## Data listing:
┄┄┄┄┄┄┄┄┄┄┄┄┄┄┄┄┄┄┄┄

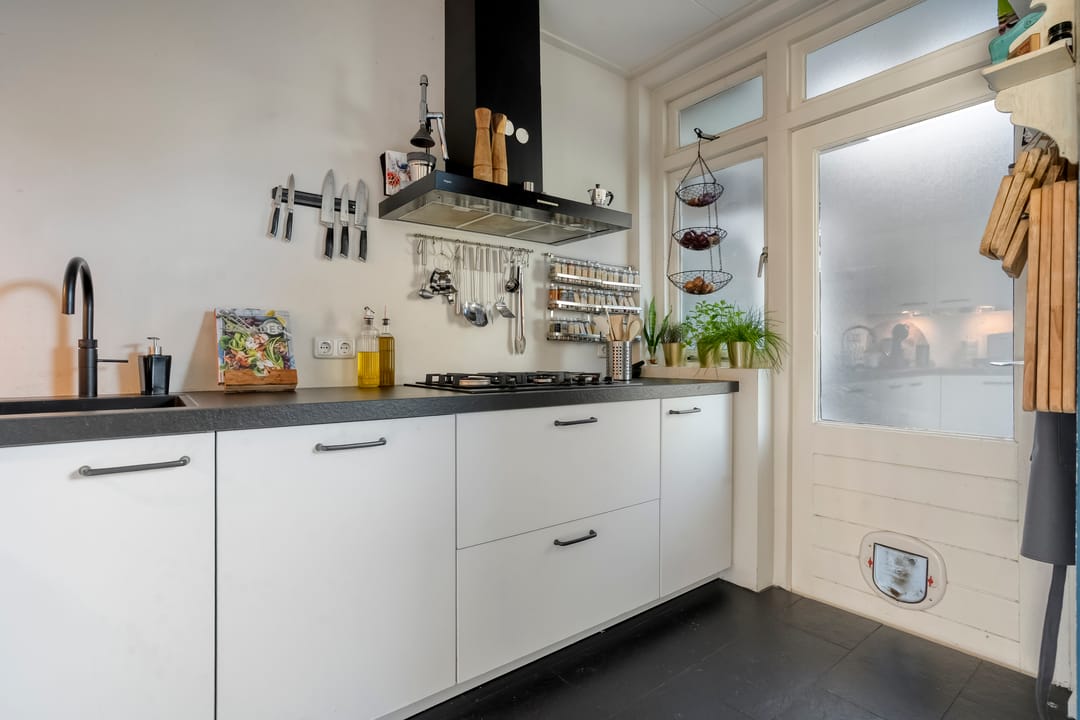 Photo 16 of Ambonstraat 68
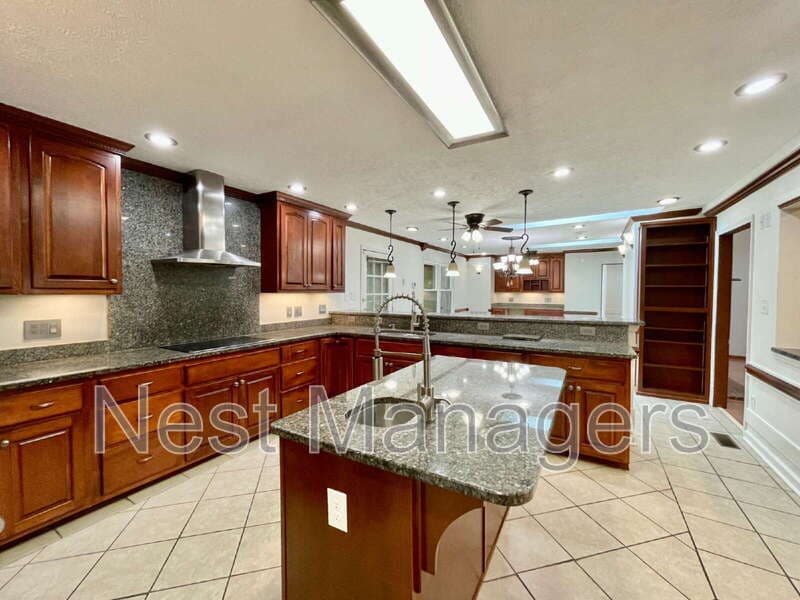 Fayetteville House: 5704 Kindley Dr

┄┄┄┄┄┄┄┄┄┄┄┄┄┄┄┄┄┄┄┄

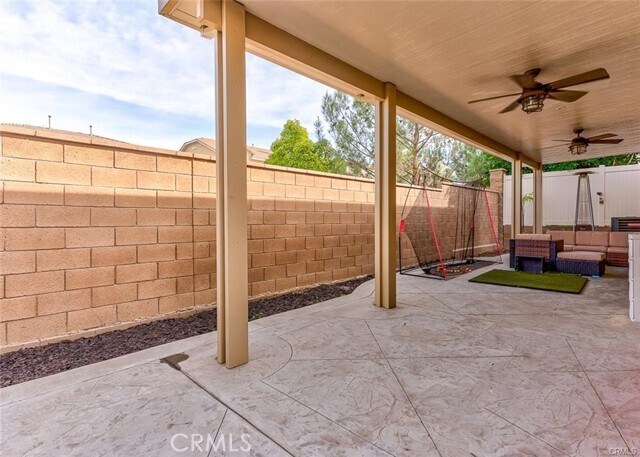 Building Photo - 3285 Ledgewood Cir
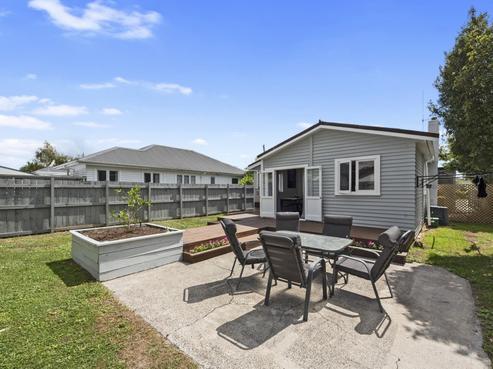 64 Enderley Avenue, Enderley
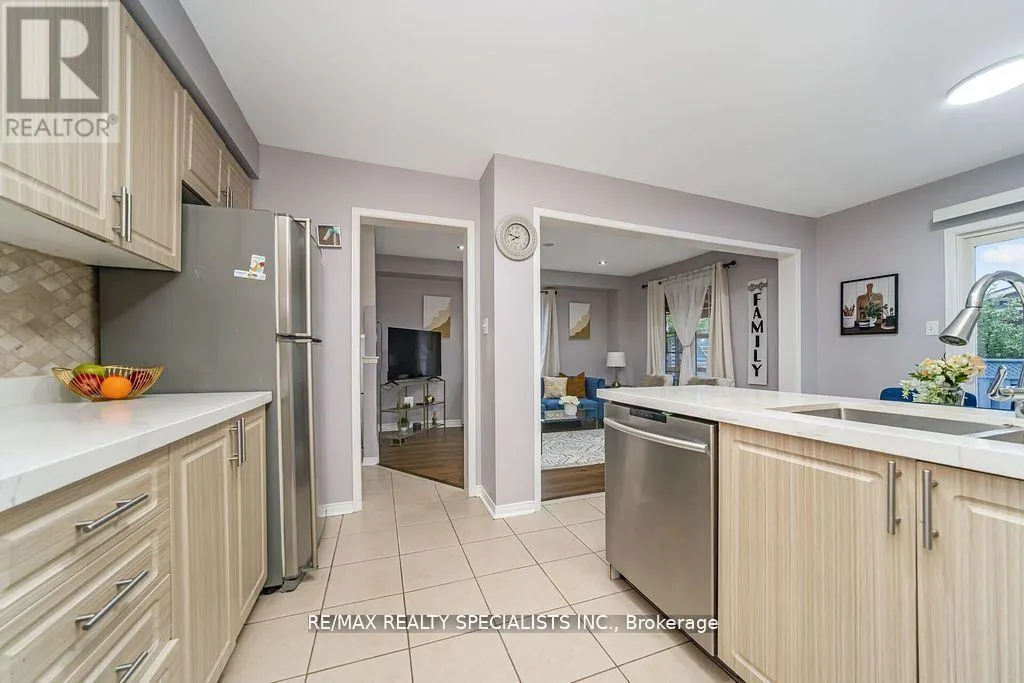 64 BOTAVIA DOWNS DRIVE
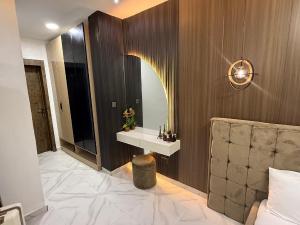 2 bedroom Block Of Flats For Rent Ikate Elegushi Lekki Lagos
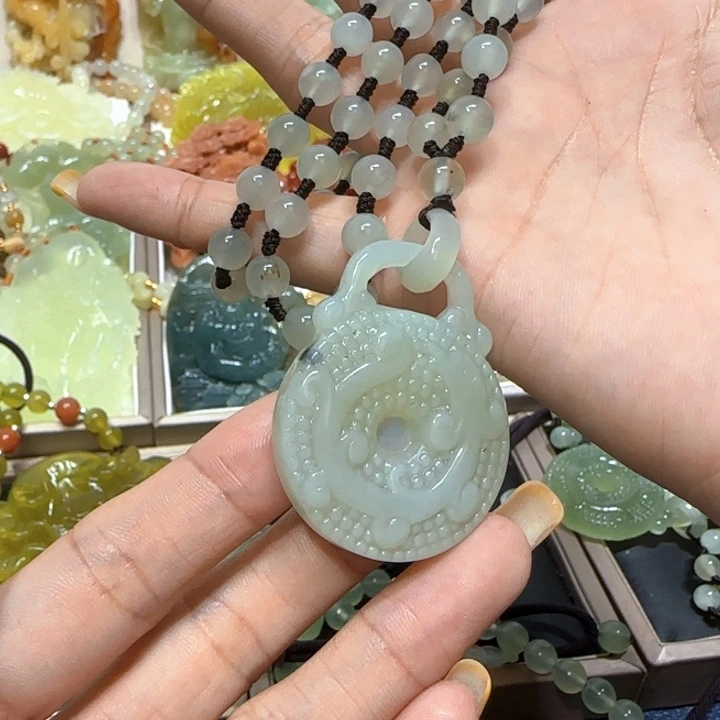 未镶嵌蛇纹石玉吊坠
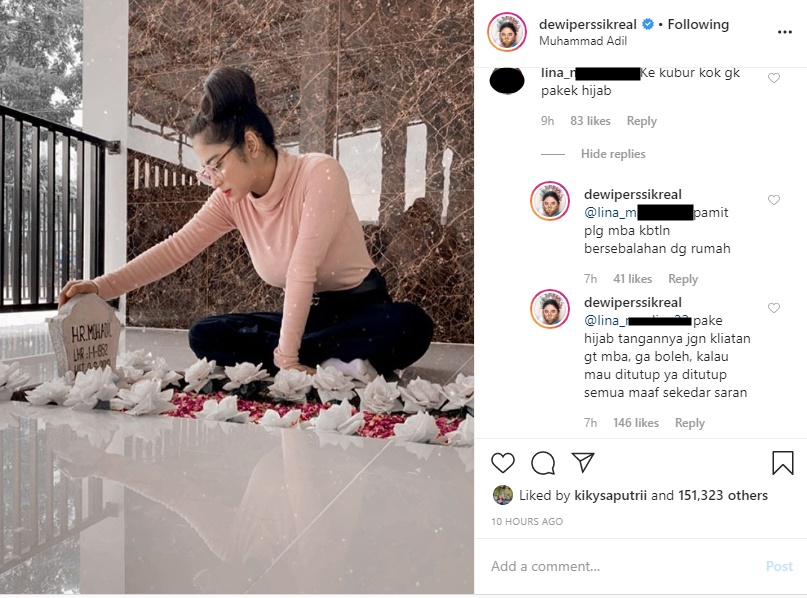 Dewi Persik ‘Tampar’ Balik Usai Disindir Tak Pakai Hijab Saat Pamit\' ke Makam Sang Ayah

┄┄┄┄┄┄┄┄┄┄┄┄┄┄┄┄┄┄┄┄

In the entries above, find the line containing "Building Photo - 3285 Ledgewood Cir" and the line containing "Dewi Persik ‘Tampar’"; give again exactly those two lines and every line between them, minus the pictures.

## Completed exercise:
 Building Photo - 3285 Ledgewood Cir
 64 Enderley Avenue, Enderley
 64 BOTAVIA DOWNS DRIVE
 2 bedroom Block Of Flats For Rent Ikate Elegushi Lekki Lagos
 未镶嵌蛇纹石玉吊坠
 Dewi Persik ‘Tampar’ Balik Usai Disindir Tak Pakai Hijab Saat Pamit\' ke Makam Sang Ayah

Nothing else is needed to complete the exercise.